I make craft hot sauces, and I stand by deseeding and depithing. If I want heat, I'll use a hotter pepper. Thai birds in particular carry most of the heat in the flesh, for example. The flavor difference from using flesh only is huge.
I make hot sauce using fatalii[0] chillies (similar heat to habaneros but IMO superior flavor). I de-seed them, pressure steam them in an Instant Pot electric pressure cooker, then blend them with cider vinegar, lime juice, salt, and a little xantham gum to stop it separating in storage. I pour it into glass jars, pasteurize it by steaming it with the lids resting on the jars but not sealed (ambient pressure, not increased pressure, because when I tried pressure steaming the sauce bubbled out from the jars and made a mess), close the lids while still hot, and keep refrigerated.
This makes a delicious sauce that, even without the seeds, is still much too hot for those who aren't chilli aficionados.
Might have thought that you were me if not for the cider vinegar. I find that it overpowers the flavor of the peppers. I mostly use white vinegar and citric acid, with the occasional lime juice.
It’s commonly thought that the seeds are the spiciest part of a chili, which is the impression Matticus_Rex seems to be under. In fact, the heat comes from the white pith (which they mentioned) and ridges around the seeds.

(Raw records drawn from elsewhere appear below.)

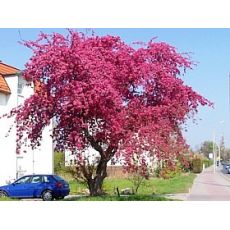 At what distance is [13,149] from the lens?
1409 cm

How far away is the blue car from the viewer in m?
14.0

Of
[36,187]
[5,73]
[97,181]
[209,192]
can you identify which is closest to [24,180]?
[36,187]

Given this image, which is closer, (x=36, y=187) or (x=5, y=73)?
(x=36, y=187)

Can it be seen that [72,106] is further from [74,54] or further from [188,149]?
[188,149]

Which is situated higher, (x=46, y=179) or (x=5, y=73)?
(x=5, y=73)

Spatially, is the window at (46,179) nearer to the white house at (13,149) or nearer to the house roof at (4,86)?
the white house at (13,149)

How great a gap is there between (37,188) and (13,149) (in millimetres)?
1247

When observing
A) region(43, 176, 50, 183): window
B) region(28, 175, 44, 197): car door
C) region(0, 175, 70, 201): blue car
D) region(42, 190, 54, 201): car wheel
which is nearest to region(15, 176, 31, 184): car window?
region(0, 175, 70, 201): blue car

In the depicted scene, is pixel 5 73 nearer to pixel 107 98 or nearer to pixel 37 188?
pixel 37 188

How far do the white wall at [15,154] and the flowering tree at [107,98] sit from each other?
168 cm

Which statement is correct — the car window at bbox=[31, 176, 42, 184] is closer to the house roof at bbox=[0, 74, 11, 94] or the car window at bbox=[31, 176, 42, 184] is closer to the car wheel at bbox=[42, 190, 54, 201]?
the car wheel at bbox=[42, 190, 54, 201]

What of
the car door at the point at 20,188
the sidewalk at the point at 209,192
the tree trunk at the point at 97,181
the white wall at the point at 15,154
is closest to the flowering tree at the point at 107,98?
the tree trunk at the point at 97,181

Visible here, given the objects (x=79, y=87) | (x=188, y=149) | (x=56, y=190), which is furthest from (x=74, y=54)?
(x=56, y=190)

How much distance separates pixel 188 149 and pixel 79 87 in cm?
287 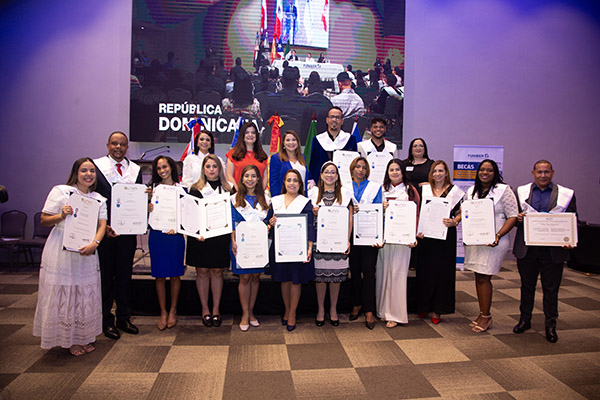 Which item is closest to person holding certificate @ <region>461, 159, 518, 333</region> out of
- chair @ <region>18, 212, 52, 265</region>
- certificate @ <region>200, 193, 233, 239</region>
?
certificate @ <region>200, 193, 233, 239</region>

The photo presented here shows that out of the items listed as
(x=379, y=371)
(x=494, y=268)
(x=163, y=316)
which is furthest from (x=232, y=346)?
(x=494, y=268)

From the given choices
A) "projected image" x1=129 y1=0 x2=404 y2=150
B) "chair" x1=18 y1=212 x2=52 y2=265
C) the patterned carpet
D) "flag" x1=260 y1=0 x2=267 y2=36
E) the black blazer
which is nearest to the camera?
the patterned carpet

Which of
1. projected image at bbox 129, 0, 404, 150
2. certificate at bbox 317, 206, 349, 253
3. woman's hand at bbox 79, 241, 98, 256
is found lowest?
woman's hand at bbox 79, 241, 98, 256

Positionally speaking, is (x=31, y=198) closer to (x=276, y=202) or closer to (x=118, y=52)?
(x=118, y=52)

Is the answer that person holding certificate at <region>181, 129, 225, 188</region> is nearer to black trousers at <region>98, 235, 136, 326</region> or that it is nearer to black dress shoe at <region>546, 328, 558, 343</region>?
black trousers at <region>98, 235, 136, 326</region>

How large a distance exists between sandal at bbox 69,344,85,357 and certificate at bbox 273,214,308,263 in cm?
167

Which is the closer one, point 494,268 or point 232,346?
point 232,346

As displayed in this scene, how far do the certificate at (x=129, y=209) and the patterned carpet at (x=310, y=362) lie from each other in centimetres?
97

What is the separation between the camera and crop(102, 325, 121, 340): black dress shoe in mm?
3191

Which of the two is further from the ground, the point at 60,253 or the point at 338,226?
the point at 338,226

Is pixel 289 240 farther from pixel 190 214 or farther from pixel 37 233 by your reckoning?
pixel 37 233

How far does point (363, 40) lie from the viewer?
649cm

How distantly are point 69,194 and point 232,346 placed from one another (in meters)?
1.74

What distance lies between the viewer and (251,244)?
10.6 feet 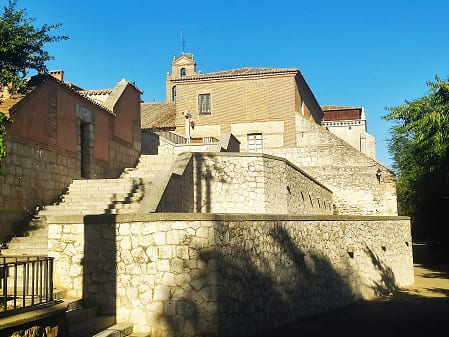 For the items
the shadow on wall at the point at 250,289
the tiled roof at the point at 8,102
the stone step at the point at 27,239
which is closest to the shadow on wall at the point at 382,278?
the shadow on wall at the point at 250,289

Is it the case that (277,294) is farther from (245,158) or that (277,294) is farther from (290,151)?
(290,151)

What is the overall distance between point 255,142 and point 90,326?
23.1m

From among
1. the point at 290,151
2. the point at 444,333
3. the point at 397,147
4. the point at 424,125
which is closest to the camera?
the point at 444,333

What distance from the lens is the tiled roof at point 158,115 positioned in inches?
1289

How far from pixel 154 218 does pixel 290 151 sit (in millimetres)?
19431

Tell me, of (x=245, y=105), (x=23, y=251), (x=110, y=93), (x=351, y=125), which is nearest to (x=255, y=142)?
(x=245, y=105)

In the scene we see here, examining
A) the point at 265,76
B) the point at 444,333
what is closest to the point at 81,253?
the point at 444,333

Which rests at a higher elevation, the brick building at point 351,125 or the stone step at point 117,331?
the brick building at point 351,125

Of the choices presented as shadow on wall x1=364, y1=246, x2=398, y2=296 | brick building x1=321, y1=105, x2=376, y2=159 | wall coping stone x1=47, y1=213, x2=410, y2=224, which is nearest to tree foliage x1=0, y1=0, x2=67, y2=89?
wall coping stone x1=47, y1=213, x2=410, y2=224

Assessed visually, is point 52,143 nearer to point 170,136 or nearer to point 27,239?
point 27,239

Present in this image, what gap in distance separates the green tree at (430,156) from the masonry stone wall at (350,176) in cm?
211

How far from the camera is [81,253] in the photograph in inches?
334

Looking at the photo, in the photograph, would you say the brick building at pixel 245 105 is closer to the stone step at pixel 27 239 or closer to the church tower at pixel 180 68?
the stone step at pixel 27 239

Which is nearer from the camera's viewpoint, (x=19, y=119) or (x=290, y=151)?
(x=19, y=119) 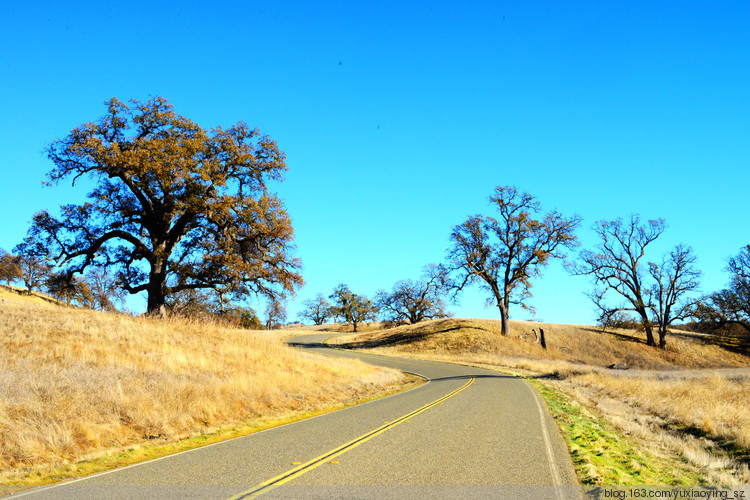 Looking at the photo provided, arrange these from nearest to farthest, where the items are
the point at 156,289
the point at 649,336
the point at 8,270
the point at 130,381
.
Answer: the point at 130,381
the point at 156,289
the point at 649,336
the point at 8,270

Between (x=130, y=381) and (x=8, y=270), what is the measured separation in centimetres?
6746

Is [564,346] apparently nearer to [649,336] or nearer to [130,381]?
[649,336]

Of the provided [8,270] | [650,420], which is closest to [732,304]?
[650,420]

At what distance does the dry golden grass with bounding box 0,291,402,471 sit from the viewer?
8.93 m

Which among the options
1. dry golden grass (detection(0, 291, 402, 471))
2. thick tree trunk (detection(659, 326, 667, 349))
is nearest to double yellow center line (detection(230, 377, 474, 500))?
dry golden grass (detection(0, 291, 402, 471))

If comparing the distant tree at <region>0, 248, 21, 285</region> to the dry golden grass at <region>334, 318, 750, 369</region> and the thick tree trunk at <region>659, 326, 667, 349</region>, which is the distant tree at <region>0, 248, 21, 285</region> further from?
the thick tree trunk at <region>659, 326, 667, 349</region>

The seeds are definitely coated in a sticky juice that is spicy (I've seperated them out and eaten them individually. It's the bitterness that really sucks, though.
There's some heat, but the reason I deseed is mostly flavor. Seeds make up a non-negligible portion of the mass, and have no pepper flavor and a slight bitterness. You get better flavor without them.
do you have any suggestions for hot sauces with serranos and hananeros that have been fermenting for ~one year? Read that some sauces ferment peppers for multiple years and decided to ferment for a while but they are pretty funky now...
If they don't have any off flavors but are too funky, I would cook some additional peppers to blend in and then add acid (probably white vinegar) to bring the ph down, salt to taste, and (depending on your texture preferences) blend and strain.